Updated 12:23am 25 January 2013

Liverpool reading charity looks forward to a bright future after taking over Calderstones Mansion House

A CHARITY which aims to transform lives through shared reading said it is looking to greatly expand its activities after taking over Liverpool’s historic Calderstones Mansion House.

The Reader Organisation was chosen as the preferred bidder for the Grade II listed site in south Liverpool after the building was declared surplus to requirements by its city council owners.

The new premises will allow the charity to continue and also extend its work promoting the joys of literature, as well as working with some of the most vulnerable people in society to develop good mental health and increased wellbeing.

The organisation currently runs reading groups for those in drugs and alcohol recovery, children in care or excluded from school, and people suffering dementia and other age-related conditions.

The charity’s mission also extends to mainstream schools, libraries, community centres, and even supermarkets.

Following its selection as preferred bidder, The Reader will begin work with the council on transforming Calderstones Mansion House into an International Centre for Reading and Wellbeing.

This will see the building, as well as its extensive coach house and stable yard, being sympathetically restored and opened up for public use.

Facilities will include a bistro, facilities for conferences, events and training, a “new reader” library, and 20 high-quality en-suite study bedrooms and two self-contained holiday lets for local, national and international visitors.

There will also be space provided for a range of social and community enterprises, along with an annual Festival of Reading linked to Literary Liverpool tours.

Dr Jane Davis, founder and director of The Reader Organisation, said shared reading would remain at the core of the group’s activities. She added: “Having the mansion house as a base is going to allow us to do a lot more. The reading groups we run will continue, but at the same time we’ll be able to offer many more activities to people. We hope it’s going to be a way for us to show how different kinds of people who would never normally meet can connect with each other through sharing books.
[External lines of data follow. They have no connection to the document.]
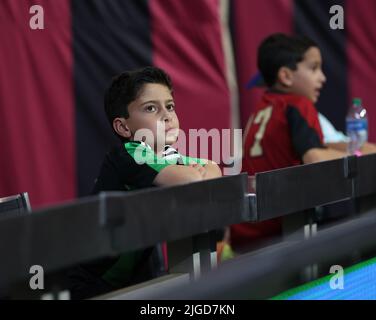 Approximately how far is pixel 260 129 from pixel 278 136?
11 centimetres

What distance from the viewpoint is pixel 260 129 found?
3.40 metres

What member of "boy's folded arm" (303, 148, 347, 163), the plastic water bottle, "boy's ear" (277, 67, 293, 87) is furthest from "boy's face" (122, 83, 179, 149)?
the plastic water bottle

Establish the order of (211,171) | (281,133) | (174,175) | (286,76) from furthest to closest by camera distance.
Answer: (286,76) → (281,133) → (211,171) → (174,175)

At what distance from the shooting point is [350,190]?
2.30 metres

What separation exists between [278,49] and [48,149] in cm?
133

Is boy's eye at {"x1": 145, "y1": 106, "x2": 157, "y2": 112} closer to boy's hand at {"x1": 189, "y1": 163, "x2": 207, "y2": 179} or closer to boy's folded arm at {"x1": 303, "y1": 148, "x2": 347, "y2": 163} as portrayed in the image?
boy's hand at {"x1": 189, "y1": 163, "x2": 207, "y2": 179}

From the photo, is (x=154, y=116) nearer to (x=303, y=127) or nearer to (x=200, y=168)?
(x=200, y=168)

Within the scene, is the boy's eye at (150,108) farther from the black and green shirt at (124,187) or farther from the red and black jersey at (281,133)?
the red and black jersey at (281,133)

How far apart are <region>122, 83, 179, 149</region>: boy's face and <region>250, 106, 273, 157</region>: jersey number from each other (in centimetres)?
102

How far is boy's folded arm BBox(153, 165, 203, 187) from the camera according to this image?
220cm

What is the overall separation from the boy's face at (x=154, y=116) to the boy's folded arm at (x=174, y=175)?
0.14 meters

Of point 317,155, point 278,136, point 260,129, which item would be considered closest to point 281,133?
point 278,136

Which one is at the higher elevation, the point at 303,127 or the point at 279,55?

“The model of reading now is that you do it on your own, but this is a relatively recent development. Before the 19th century and the onset of mass literacy, it involved a group of people coming together and reading aloud, so we have re-invented something which is very old.”

Dr Davis is herself a shining example of what can be achieved through reading.

After leaving school at the age of 16 with two GCSEs, she returned to full-time education as a young single mother and went on to gain a First Class degree, followed by a PhD, from the School of English at the University of Liverpool. She set up The Reader organisation after working for many years at the university’s department for continuing education, where she saw for herself the beneficial effects the reading aloud of great literature had on adults who had either never read a book before or had not picked one up since school.

Jane said: “I discovered by accident that adults like being read to as much as children do, because the reader partly acts out what they’re reading.

Her efforts were recognised with an MBE for services to reading in 2011.

Although Liverpool is and will remain its headquarters, the charity has expanded to the rest of the UK and now has a total of 70 full-time staff. This includes a community worker who goes out and about in Everton with a pink shopping trolley to try and get people in the area interested in reading.